Our results add a novel dimension to our understanding of the role of BMP signaling in regulating muscle size. Previous studies have shown that increasing BMP signaling by overexpression of BMP7 or constitutively active BMPR1a (ALK 3) causes hypertrophy. Notably, the hypertrophy is blocked by the mTOR inhibitor rapamycin, establishing a link between BMP signaling and Akt-mTOR-mediated muscle growth8. These results also align with our observation that this pathway is an important output of MuSK-BMP signaling. On the other hand, studies of denervation atrophy have demonstrated a prominent role for ubiquitin ligases and protein degradation in this model of acute loss of muscle mass. We did not observe notable changes in atrogenes in our RNA-seq analysis (Table S4, S5), further supporting the hypothesis that the MuSK-BMP pathway works predominantly via anabolic protein synthesis pathways.

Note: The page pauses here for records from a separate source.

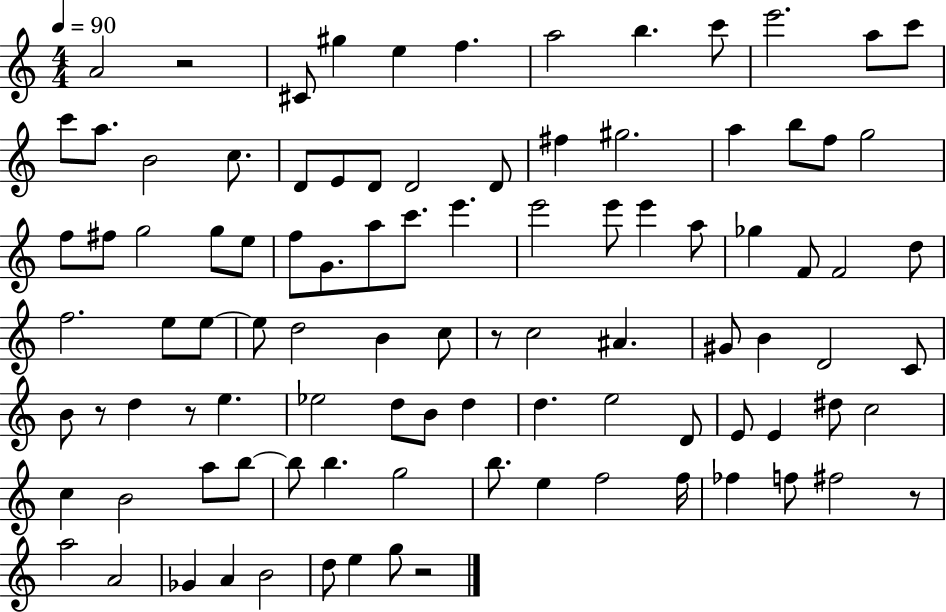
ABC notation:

X:1
T:Untitled
M:4/4
L:1/4
K:C
A2 z2 ^C/2 ^g e f a2 b c'/2 e'2 a/2 c'/2 c'/2 a/2 B2 c/2 D/2 E/2 D/2 D2 D/2 ^f ^g2 a b/2 f/2 g2 f/2 ^f/2 g2 g/2 e/2 f/2 G/2 a/2 c'/2 e' e'2 e'/2 e' a/2 _g F/2 F2 d/2 f2 e/2 e/2 e/2 d2 B c/2 z/2 c2 ^A ^G/2 B D2 C/2 B/2 z/2 d z/2 e _e2 d/2 B/2 d d e2 D/2 E/2 E ^d/2 c2 c B2 a/2 b/2 b/2 b g2 b/2 e f2 f/4 _f f/2 ^f2 z/2 a2 A2 _G A B2 d/2 e g/2 z2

The role of MuSK in maintaining muscle size has potential implications for myasthenia gravis (MG) caused by autoantibodies to MuSK (‘MuSK-MG’)33. This form of MG is distinct from the more common anti-AChR MG, can be more severe and does not respond to cholinesterase inhibitors. The pathogenesis of MuSK-MG is mediated at least in part by IgG4 antibodies directed against the MuSK Ig1 domain that disrupt agrin-LRP4 binding and signaling15, 34–37. However, some clinical features of MuSK-MG suggest that non-synaptic pathology mediated by the MuSK autoantibodies may also contribute to the disease. MuSK-MG pathology is often more pronounced in restricted muscle groups, including bulbar and respiratory muscles. Moreover, muscle atrophy is observed in MuSK-MG where it is associated with non-fluctuating weakness, fatty tissue infiltration and myopathic changes in electrophysiology recording. It is therefore plausible that antibodies targeting the MuSK expressed in the sarcolemma could contribute to MuSK MG pathology.

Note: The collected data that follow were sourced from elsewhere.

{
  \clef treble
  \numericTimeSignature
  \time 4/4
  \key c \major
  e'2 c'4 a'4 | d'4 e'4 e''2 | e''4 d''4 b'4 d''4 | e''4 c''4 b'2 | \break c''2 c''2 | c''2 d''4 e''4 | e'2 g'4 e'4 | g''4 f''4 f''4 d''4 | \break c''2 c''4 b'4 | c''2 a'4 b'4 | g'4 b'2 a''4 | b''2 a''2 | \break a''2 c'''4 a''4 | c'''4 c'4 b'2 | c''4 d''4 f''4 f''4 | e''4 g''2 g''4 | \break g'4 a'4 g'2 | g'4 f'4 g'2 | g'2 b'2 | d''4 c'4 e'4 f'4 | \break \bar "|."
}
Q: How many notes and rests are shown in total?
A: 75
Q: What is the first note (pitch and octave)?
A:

The MuSK-BMP pathway could also be a target for promoting muscle growth and treating conditions associated with muscle atrophy such as sarcopenia, immobilization, and cachexia. Maintenance of muscle mass is a balance between the homeostatic mechanisms regulating protein synthesis and degradation. Although the role for IGF1 as an anabolic pathway is well established, circulating IGF1 levels correlate incompletely with muscle status. Rather, muscle-derived IGF1 is likely to be the dominant mediator of growth30. The MuSK-BMP pathway represents an attractive target for developing specific agents to modulate muscle growth. This pathway also offers prospects for the precise manipulation of BMP signaling in muscle. BMPs and their canonical receptors are ubiquitous and manipulating them leads to unwanted side effects; in contrast, MuSK expression is highly enriched in muscle. Moreover, the MuSK ectodomain would be accessible to manipulation by therapeutic antibodies, while antisense oligonucleotides could promote MuSK-BMP signaling without affecting the role of MuSK in synapse formation. Finally, MuSK is expressed in myonuclei in both fast and slow myofibers and its level increases with age in humans and rats17,38,39. The MuSK-BMP pathway thus emerges as an attractive target for selectively modulating muscle growth and combatting atrophy.